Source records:
*** Begin section ***
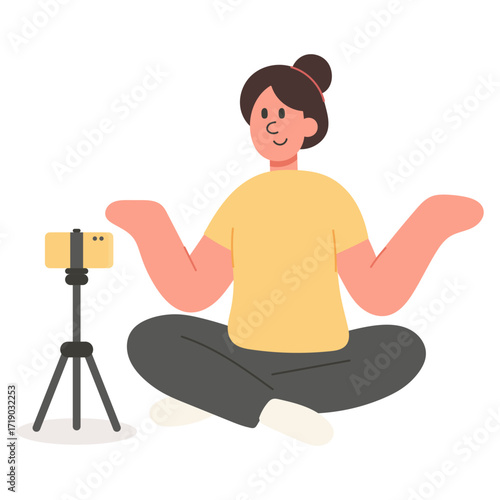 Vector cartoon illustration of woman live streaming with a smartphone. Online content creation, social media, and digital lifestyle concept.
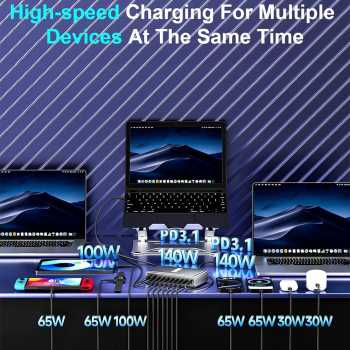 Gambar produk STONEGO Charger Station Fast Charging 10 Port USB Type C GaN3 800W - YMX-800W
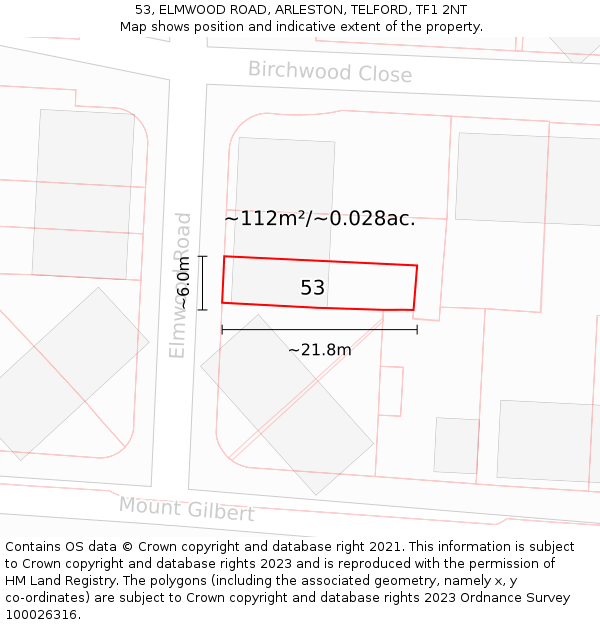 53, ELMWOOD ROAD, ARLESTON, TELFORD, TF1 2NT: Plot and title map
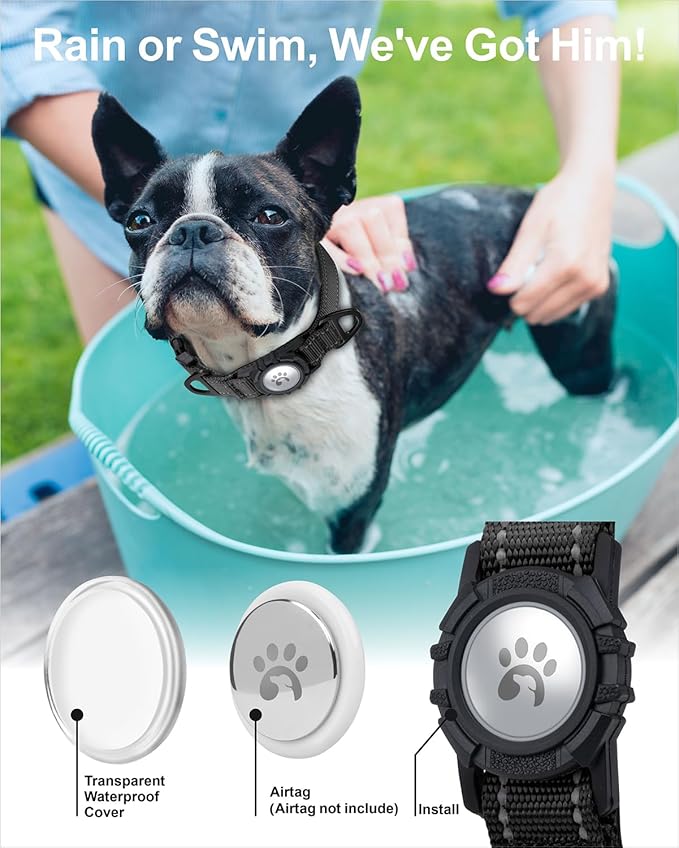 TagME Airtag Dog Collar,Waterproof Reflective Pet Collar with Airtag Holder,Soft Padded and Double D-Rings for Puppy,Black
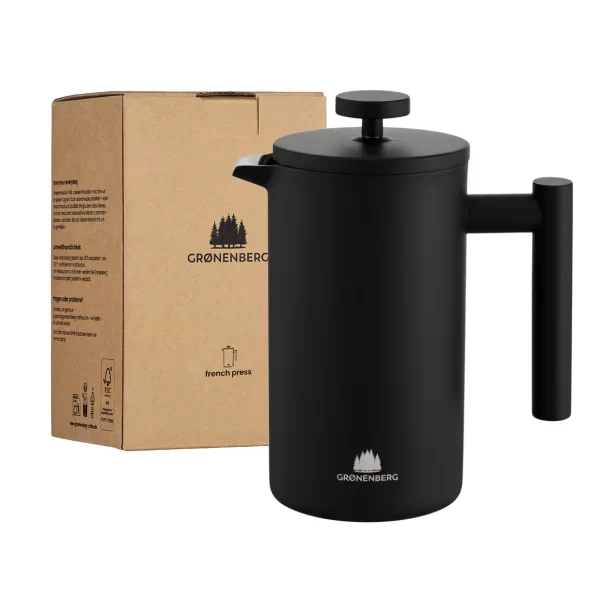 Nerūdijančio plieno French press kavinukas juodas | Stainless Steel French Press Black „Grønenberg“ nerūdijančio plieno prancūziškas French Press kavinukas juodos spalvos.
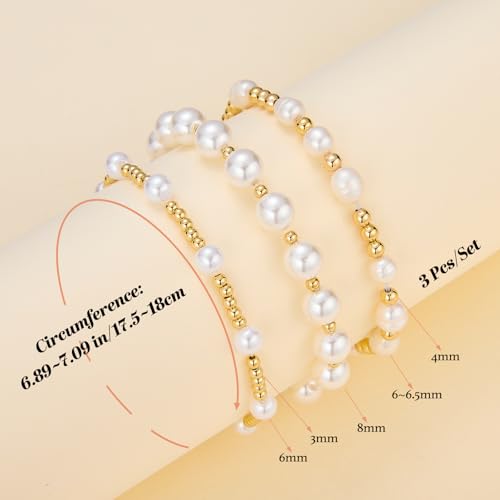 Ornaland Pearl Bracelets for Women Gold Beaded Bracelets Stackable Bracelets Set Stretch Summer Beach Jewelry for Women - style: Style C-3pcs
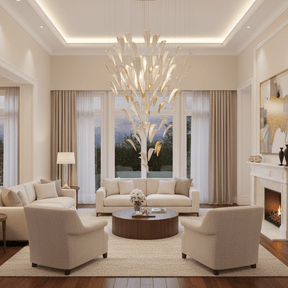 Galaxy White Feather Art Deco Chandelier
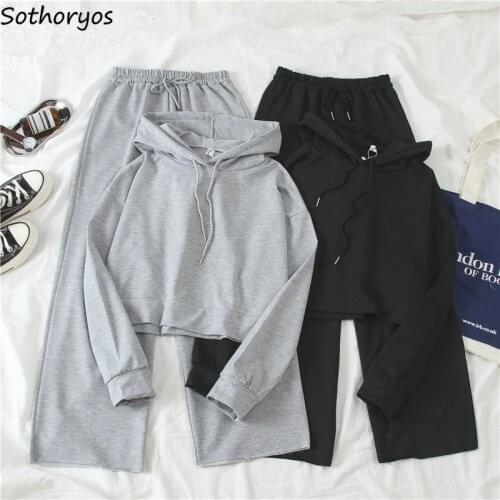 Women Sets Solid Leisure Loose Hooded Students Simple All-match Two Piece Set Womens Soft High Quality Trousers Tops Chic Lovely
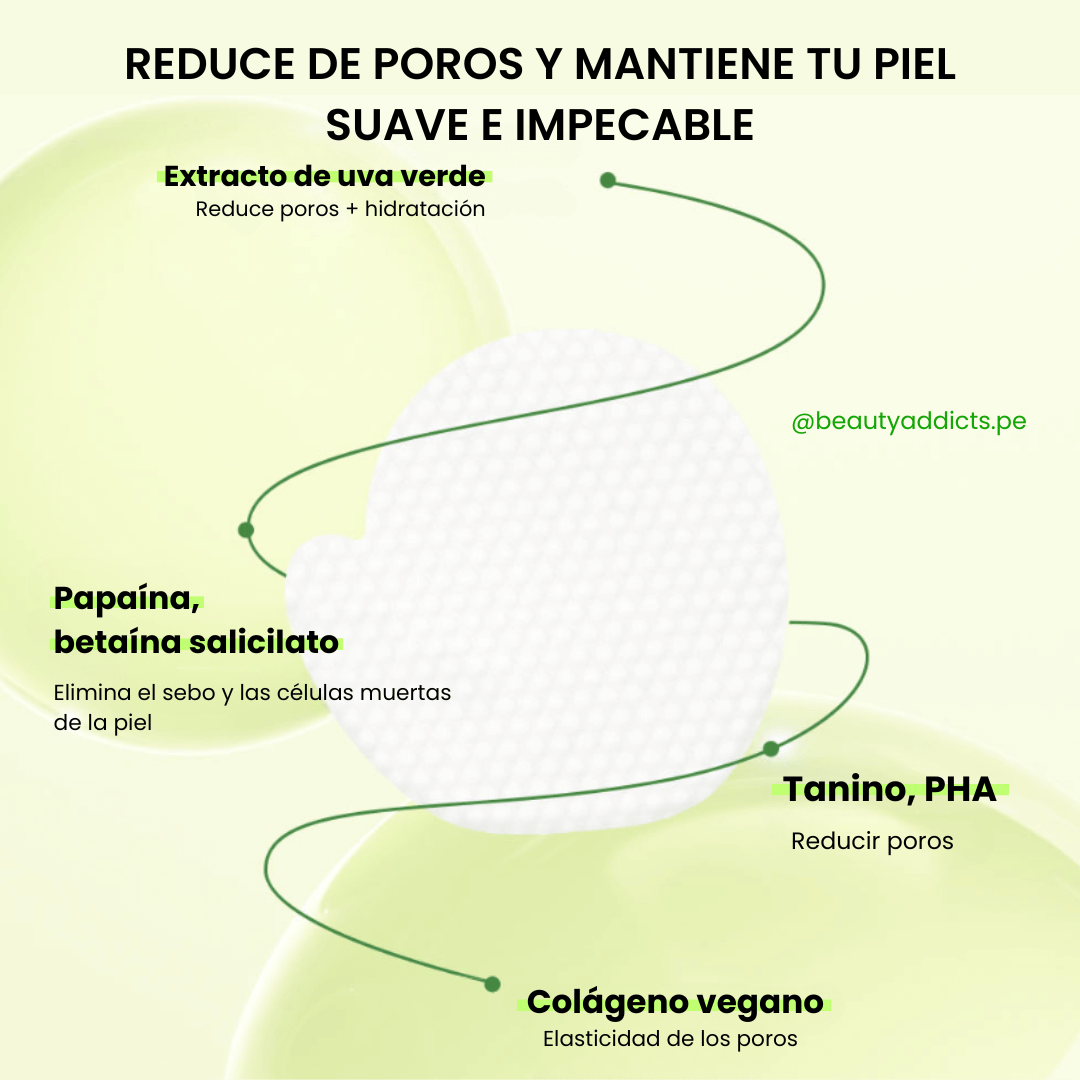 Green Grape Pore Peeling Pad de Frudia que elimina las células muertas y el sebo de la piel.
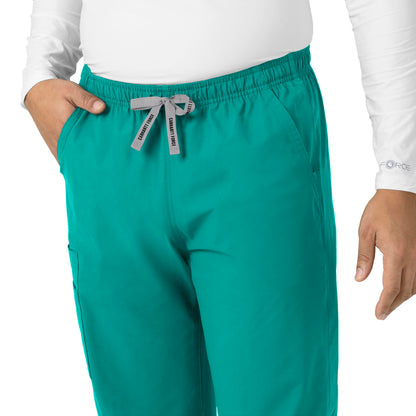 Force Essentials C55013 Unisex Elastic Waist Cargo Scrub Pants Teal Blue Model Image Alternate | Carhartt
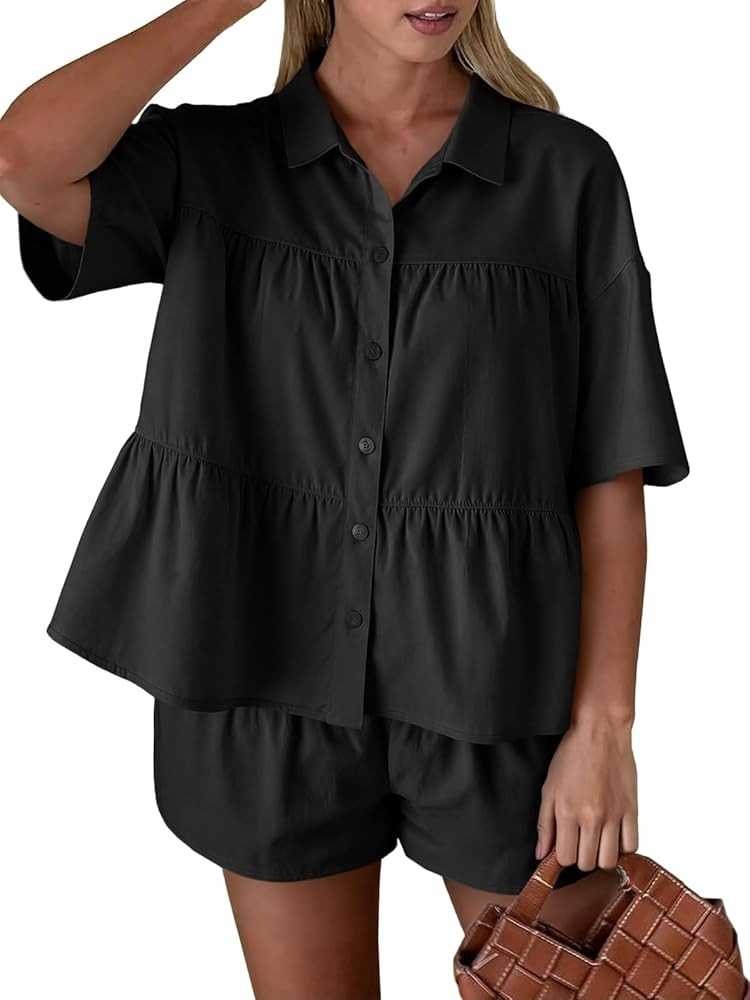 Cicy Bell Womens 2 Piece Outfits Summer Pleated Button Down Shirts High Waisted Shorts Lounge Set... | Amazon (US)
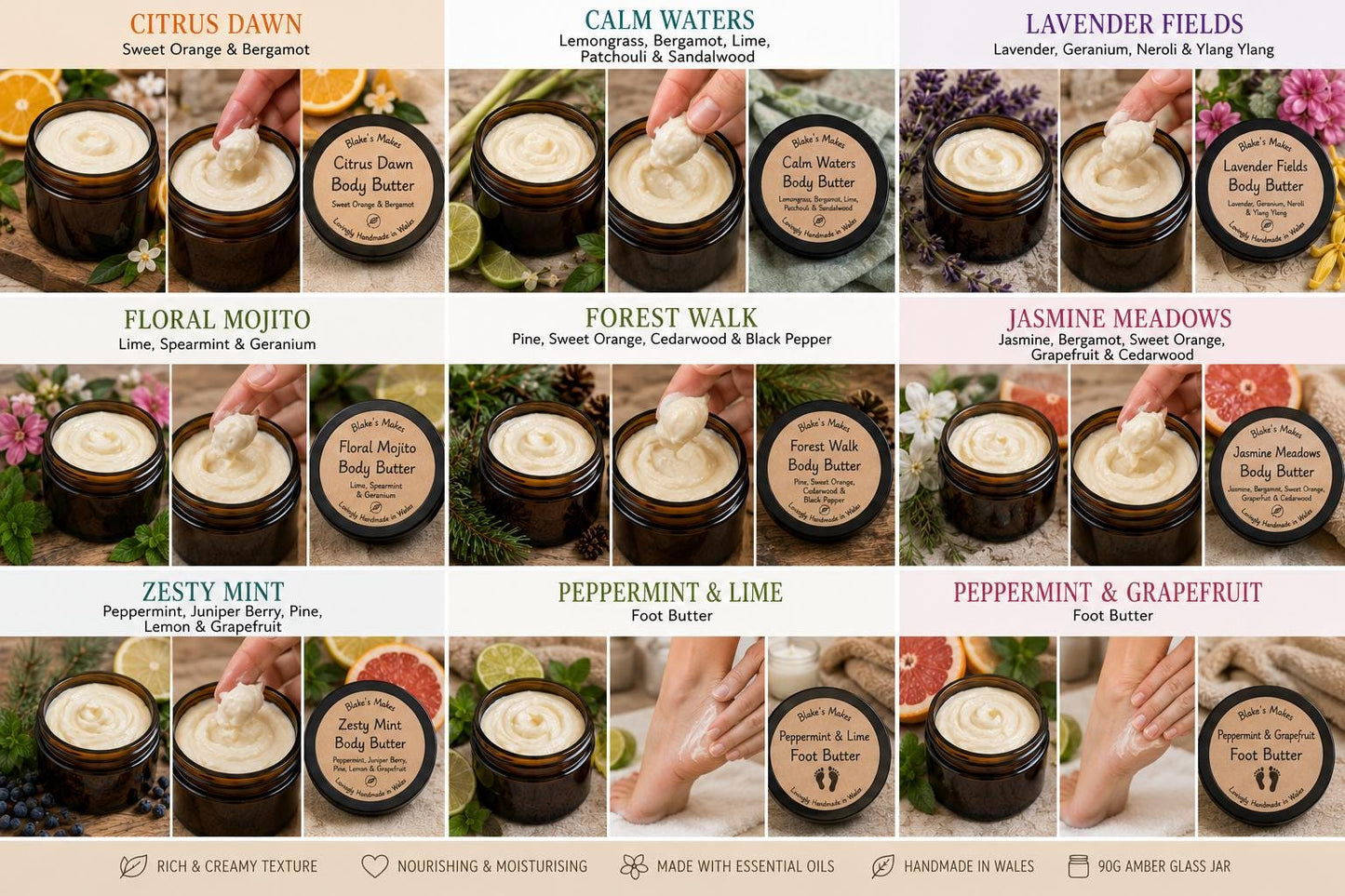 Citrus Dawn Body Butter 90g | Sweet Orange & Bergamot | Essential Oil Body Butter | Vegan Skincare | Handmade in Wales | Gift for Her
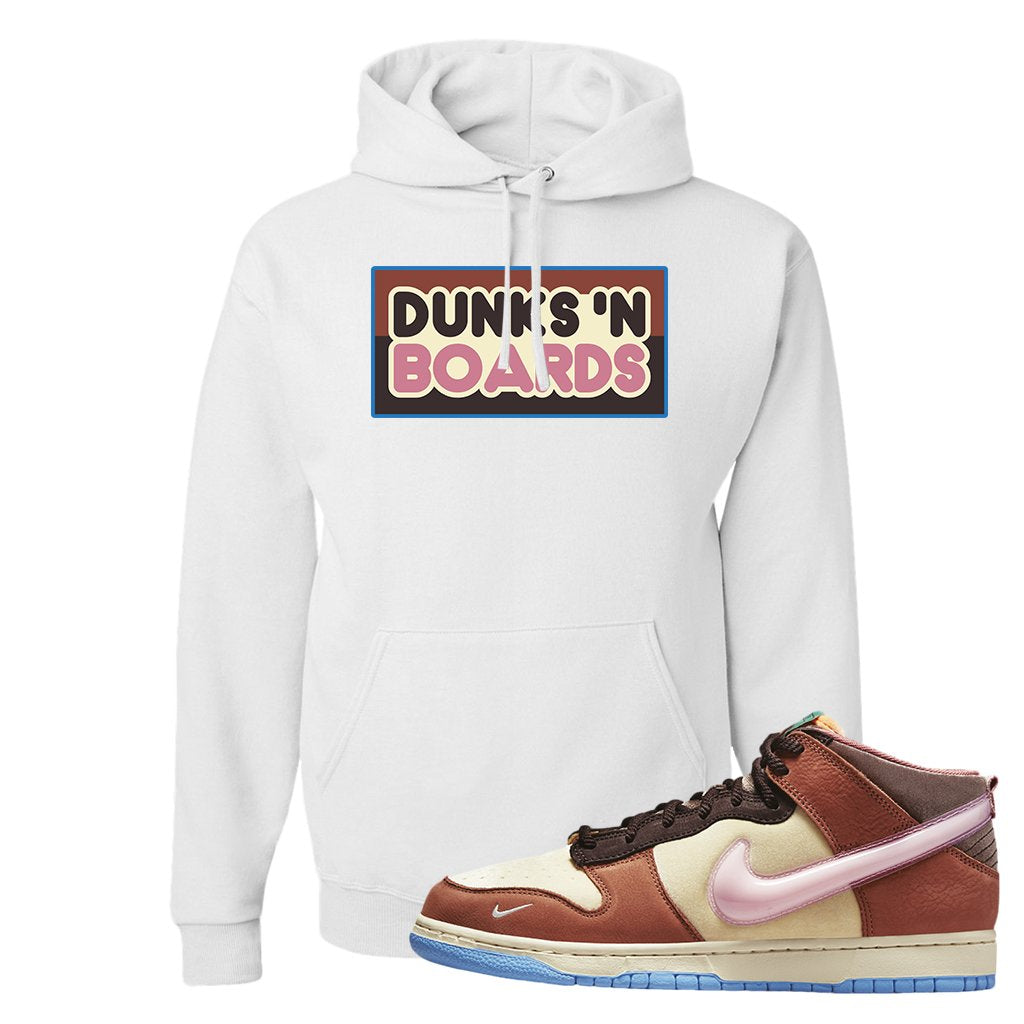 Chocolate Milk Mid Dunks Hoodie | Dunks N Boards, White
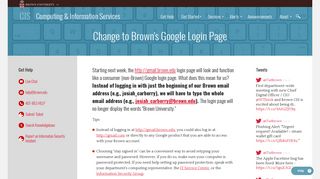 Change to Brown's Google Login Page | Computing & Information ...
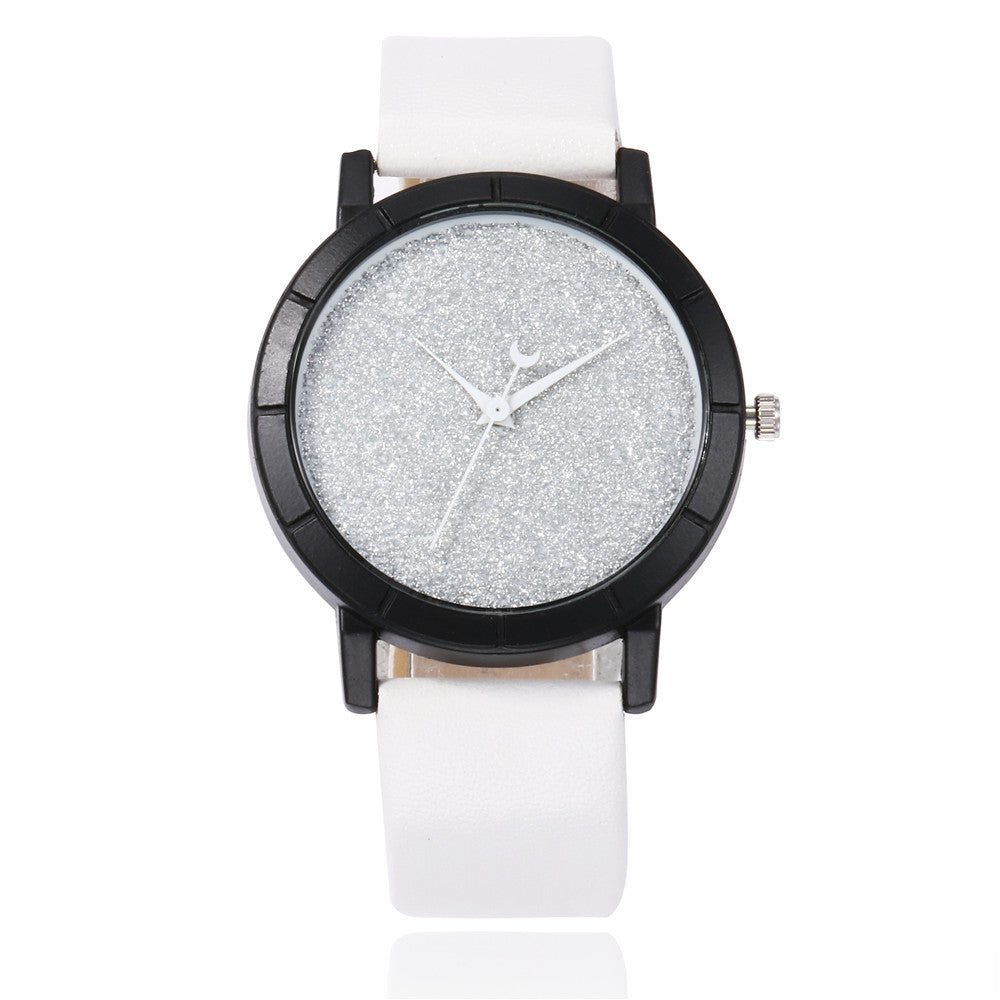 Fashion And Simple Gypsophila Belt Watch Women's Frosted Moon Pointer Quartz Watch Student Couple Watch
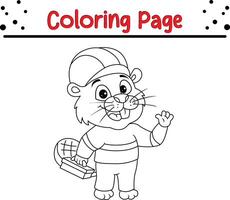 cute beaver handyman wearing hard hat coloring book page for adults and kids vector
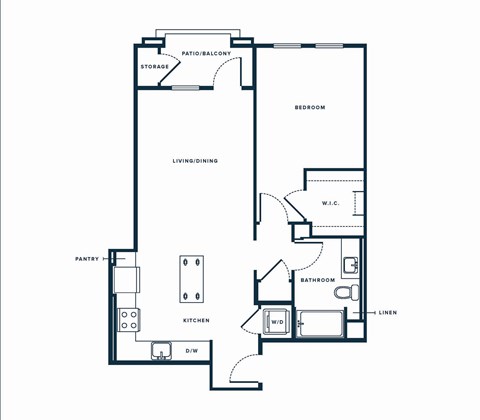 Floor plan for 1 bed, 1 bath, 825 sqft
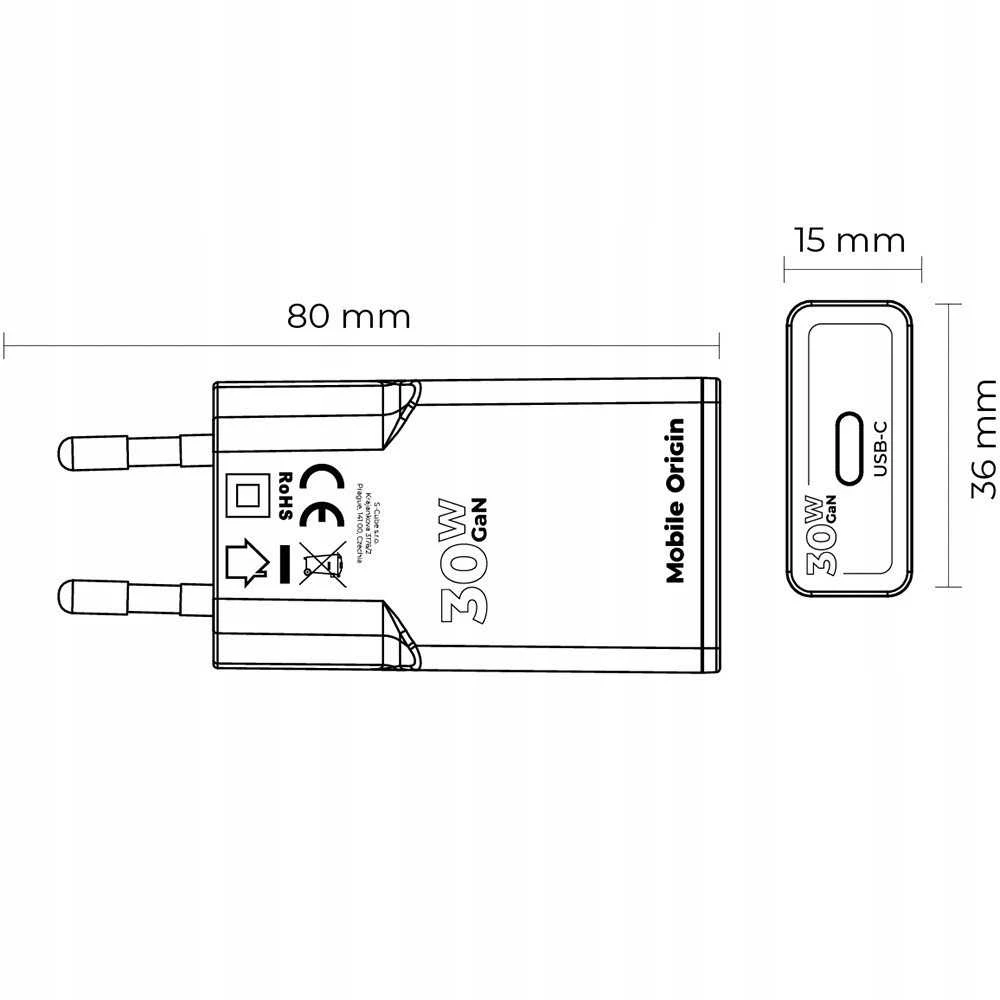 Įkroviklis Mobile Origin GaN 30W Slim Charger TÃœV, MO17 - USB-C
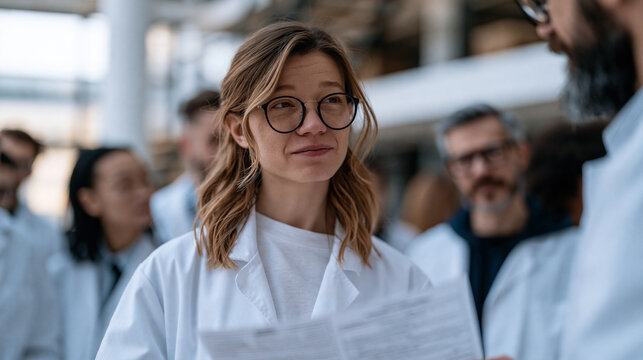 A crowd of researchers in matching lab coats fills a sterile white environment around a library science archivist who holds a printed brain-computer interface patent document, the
*** End section ***
> _What you will do_: Output only the lines running from the line with "Floor plan for 1 bed, 1 bath, 825 sqft" through the last line of the entries above, inclusive, with pictures excluded.

> _Output of the exercise_:
 Floor plan for 1 bed, 1 bath, 825 sqft
 Įkroviklis Mobile Origin GaN 30W Slim Charger TÃœV, MO17 - USB-C
 A crowd of researchers in matching lab coats fills a sterile white environment around a library science archivist who holds a printed brain-computer interface patent document, the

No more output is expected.